Please repeat the data below exactly, with the pictures removed.
=== Source material ===
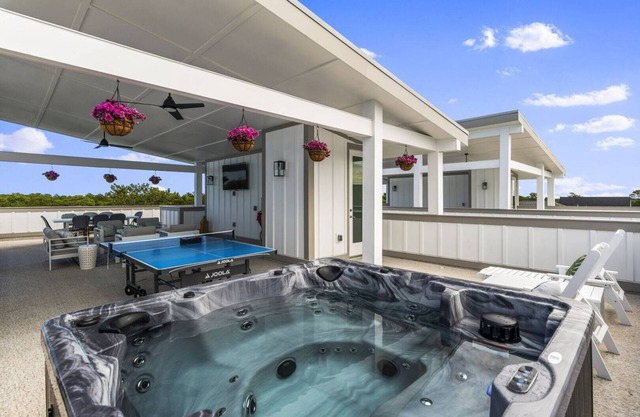 Ocean View, Hot Tub, Pool - Boujee at the Beach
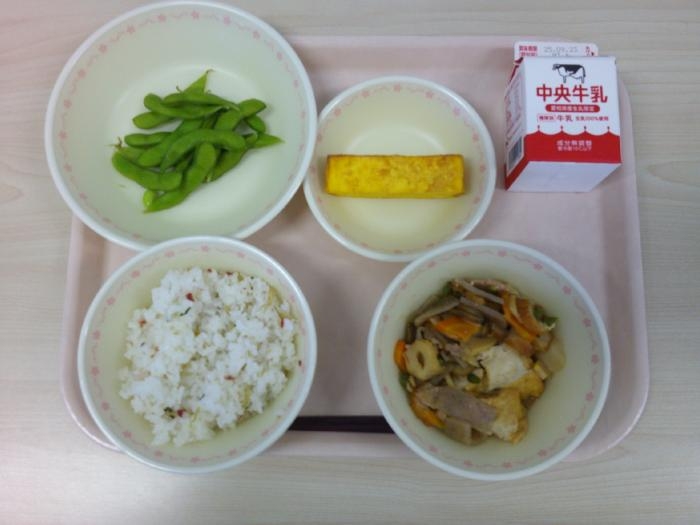 給食写真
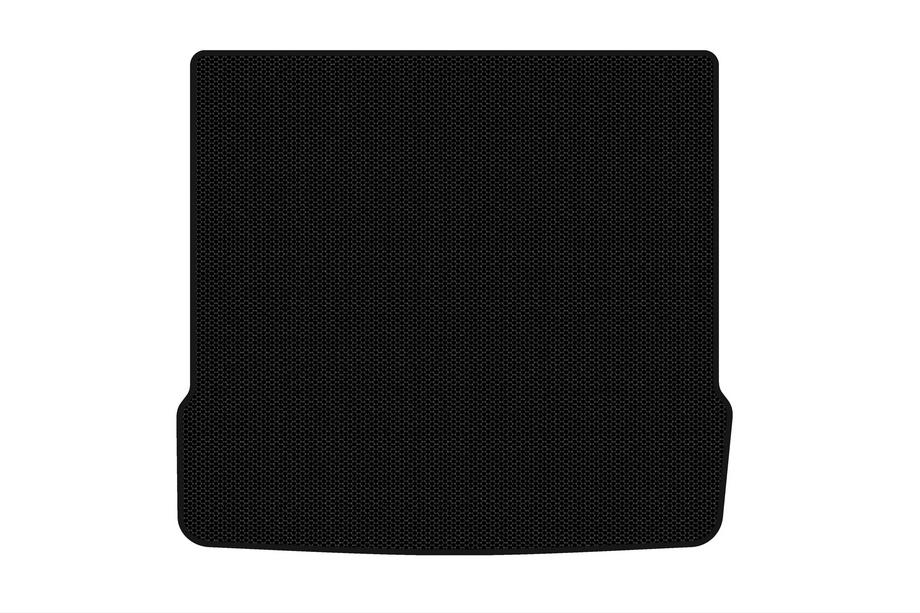 Renault Clio IV 2012–2019 Rubberen kofferbakmat Carsuit (SW, zwart) Image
===
Output of the task >>
 Ocean View, Hot Tub, Pool - Boujee at the Beach
 給食写真
 Renault Clio IV 2012–2019 Rubberen kofferbakmat Carsuit (SW, zwart) Image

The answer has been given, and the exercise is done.